入浴中の熱中症を「浴室内熱中症」といいますが、浴室内熱中症は長時間の入浴で体温が上昇し、血管が拡張して血圧が低下することで起こります。
体温が37℃の人が全身浴をすると、湯温が41℃の時は33分、42℃の時は26分で体温が40℃に達するという研究結果も出ています。体温が40℃を超えると熱中症の症状が出始め、意識障害をもたらします。42.5℃を超えると心室細動や不整脈が起こり、場合によっては意識を失い、溺れて死に至るそうです。
高齢者は感覚が鈍いせいか、熱いことを自覚できないまま危険な状態になるまで長時間、入浴してしまう傾向があります。そのため、熱中症の初期症状が出ていてもその兆候に気付かず、意識障害を起こしてしまうケースが増えています。
バスルームの環境は夏の室内と同じ
バスルームは高温多湿です。夏の室内環境と同じ、と考えるとイメージしやすいでしょう。体内の塩分と水分のバランスが崩れやすいため、体温調節が不十分になる可能性があります。高温で長時間入浴すると体温が上昇し、様々な不調が現れます。
危険な状態になるパターンは2つ
1つは体温が40℃以上になり、意識を失って溺死するものです。実際にあった例を見ていきましょう。高齢女性のAさんは引っ越した当日にお風呂で溺死してしまいました。原因は引っ越してきたばかりということもあり、お風呂の温度設定がよくわからず、45℃の高温で入浴してしまったことでした。気付かぬうちに熱中症を発症し、意識を失って溺死に至ったそうです。Aさんは急激に体温が上昇し、15分ほどで意識を失ってしまった可能性が高いといわれています。

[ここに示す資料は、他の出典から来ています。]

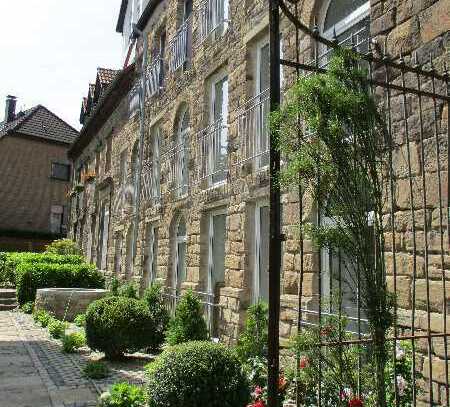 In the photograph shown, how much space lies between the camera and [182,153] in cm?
1032

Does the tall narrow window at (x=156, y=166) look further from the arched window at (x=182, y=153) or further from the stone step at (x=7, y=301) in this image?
the stone step at (x=7, y=301)

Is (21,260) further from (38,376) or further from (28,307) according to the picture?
(38,376)

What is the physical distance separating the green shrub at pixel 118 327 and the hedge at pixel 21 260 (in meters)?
9.62

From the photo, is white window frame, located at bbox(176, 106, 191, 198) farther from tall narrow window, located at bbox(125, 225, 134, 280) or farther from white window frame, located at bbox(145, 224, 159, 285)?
tall narrow window, located at bbox(125, 225, 134, 280)

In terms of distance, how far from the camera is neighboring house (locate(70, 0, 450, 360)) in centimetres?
457

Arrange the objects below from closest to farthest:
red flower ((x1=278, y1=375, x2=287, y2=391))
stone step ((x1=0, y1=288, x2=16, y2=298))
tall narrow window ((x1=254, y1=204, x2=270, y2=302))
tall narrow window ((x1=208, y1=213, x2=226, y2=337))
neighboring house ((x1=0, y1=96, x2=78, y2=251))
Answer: red flower ((x1=278, y1=375, x2=287, y2=391)) → tall narrow window ((x1=254, y1=204, x2=270, y2=302)) → tall narrow window ((x1=208, y1=213, x2=226, y2=337)) → stone step ((x1=0, y1=288, x2=16, y2=298)) → neighboring house ((x1=0, y1=96, x2=78, y2=251))

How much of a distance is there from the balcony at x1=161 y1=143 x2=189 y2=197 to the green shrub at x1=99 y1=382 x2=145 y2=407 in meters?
5.26

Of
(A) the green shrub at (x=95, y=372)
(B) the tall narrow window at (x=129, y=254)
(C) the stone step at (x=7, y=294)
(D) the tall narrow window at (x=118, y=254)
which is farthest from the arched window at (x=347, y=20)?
(C) the stone step at (x=7, y=294)

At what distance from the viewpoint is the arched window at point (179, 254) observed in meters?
10.2

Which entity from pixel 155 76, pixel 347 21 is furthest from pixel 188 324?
pixel 155 76

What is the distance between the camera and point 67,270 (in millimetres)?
14500

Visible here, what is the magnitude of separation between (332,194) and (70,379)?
489 centimetres

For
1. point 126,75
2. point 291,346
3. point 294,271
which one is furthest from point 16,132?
point 291,346

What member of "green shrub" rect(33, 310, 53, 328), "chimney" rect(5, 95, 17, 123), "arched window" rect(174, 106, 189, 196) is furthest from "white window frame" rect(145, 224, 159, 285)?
"chimney" rect(5, 95, 17, 123) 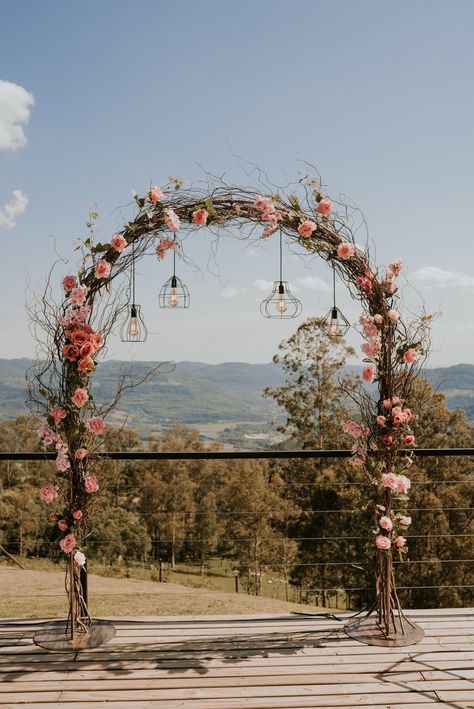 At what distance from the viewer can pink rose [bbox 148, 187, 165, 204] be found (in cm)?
305

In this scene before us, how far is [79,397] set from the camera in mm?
2895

もう1つは高カリウム血症です。人間は体温が42.5℃を超えると細胞が壊れ始め、カリウムが血液中に溶け出して心室細動を引き起こします。すると、血圧が一気に低下し、即座に心停止に至ります。ただし、脳は体温40℃に耐えられないため、その前に意識を失い、溺れて亡くなることが多いそうです。

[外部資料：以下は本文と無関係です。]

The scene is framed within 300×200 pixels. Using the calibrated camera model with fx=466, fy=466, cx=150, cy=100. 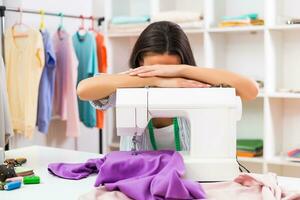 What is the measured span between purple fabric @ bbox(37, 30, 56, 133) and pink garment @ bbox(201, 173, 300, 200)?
6.90 feet

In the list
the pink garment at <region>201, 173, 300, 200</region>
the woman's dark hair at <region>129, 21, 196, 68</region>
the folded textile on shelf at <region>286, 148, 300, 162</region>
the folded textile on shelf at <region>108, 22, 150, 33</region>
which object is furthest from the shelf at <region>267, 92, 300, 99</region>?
the pink garment at <region>201, 173, 300, 200</region>

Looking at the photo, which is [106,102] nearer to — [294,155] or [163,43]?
[163,43]

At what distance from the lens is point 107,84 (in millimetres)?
1566

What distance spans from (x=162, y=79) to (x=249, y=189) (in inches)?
18.7

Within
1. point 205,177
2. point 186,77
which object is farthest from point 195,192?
point 186,77

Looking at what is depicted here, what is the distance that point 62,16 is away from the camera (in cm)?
351

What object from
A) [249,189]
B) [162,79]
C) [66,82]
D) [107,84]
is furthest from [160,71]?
[66,82]

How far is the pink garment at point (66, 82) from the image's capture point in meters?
3.41

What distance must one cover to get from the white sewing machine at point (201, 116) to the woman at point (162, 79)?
8cm

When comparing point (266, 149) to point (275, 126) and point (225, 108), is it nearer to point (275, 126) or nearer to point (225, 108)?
point (275, 126)

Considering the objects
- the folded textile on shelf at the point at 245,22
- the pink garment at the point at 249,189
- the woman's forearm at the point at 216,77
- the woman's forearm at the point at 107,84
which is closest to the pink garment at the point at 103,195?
the pink garment at the point at 249,189

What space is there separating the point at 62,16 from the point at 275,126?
1.76m

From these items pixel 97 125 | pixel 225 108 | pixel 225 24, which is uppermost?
pixel 225 24

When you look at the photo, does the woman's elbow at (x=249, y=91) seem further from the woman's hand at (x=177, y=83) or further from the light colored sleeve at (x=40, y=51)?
the light colored sleeve at (x=40, y=51) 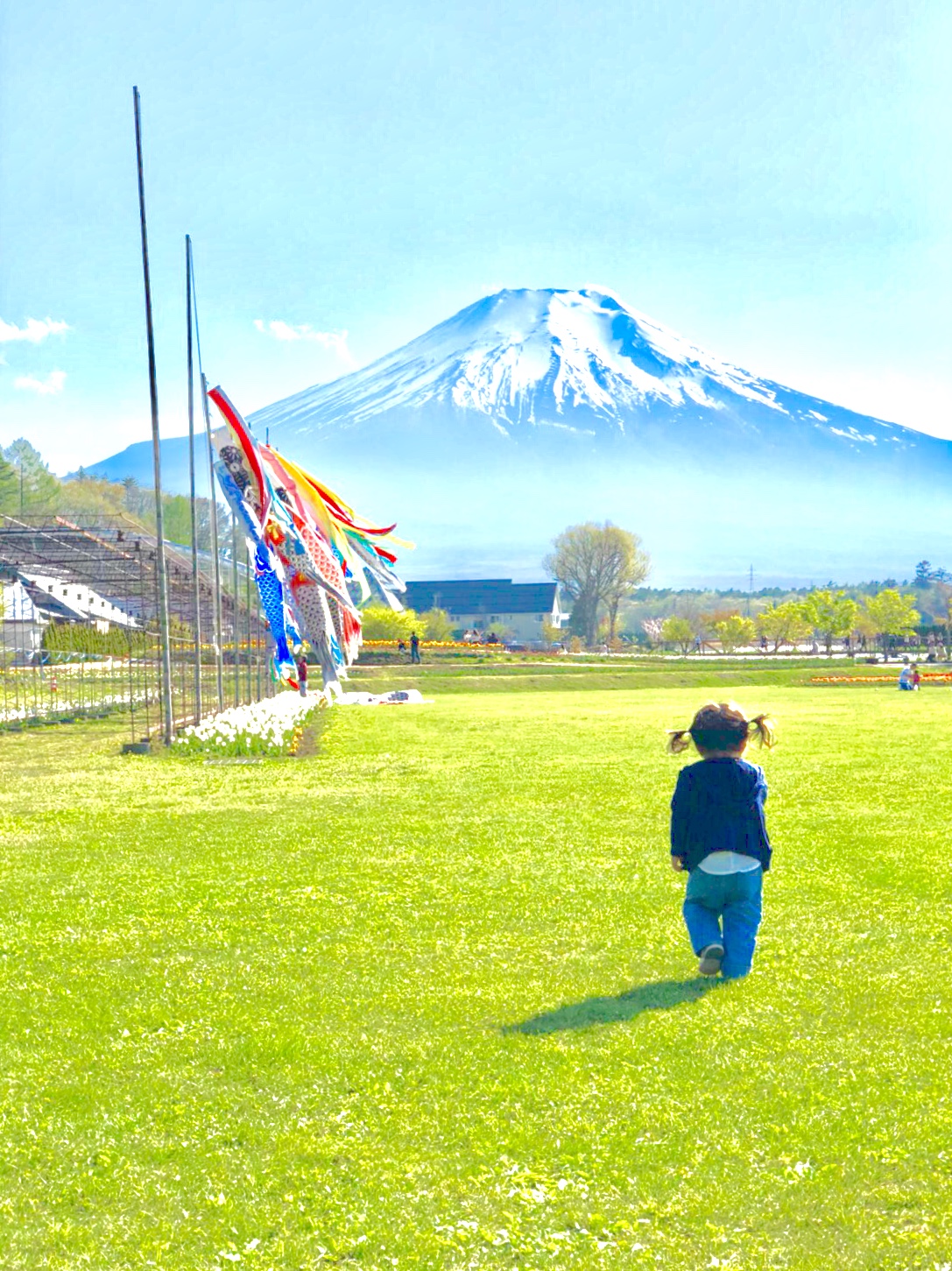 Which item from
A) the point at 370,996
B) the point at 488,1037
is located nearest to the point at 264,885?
the point at 370,996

上記にもありますが、全身浴の場合、体温が40℃に達するまで41℃では33分、42℃では26分かかります。若い人は体温が39℃以上になった時点で大量の発汗、動悸、頭痛といった変化にすぐに気付くので、迅速に対処できます。しかし、高齢者は感覚が鈍くなっているため熱さを感じにくく、症状にもなかなか気付けません。そのため、自覚しないまま意識障害に陥ってしまい亡くなってしまう、というケースが増えています。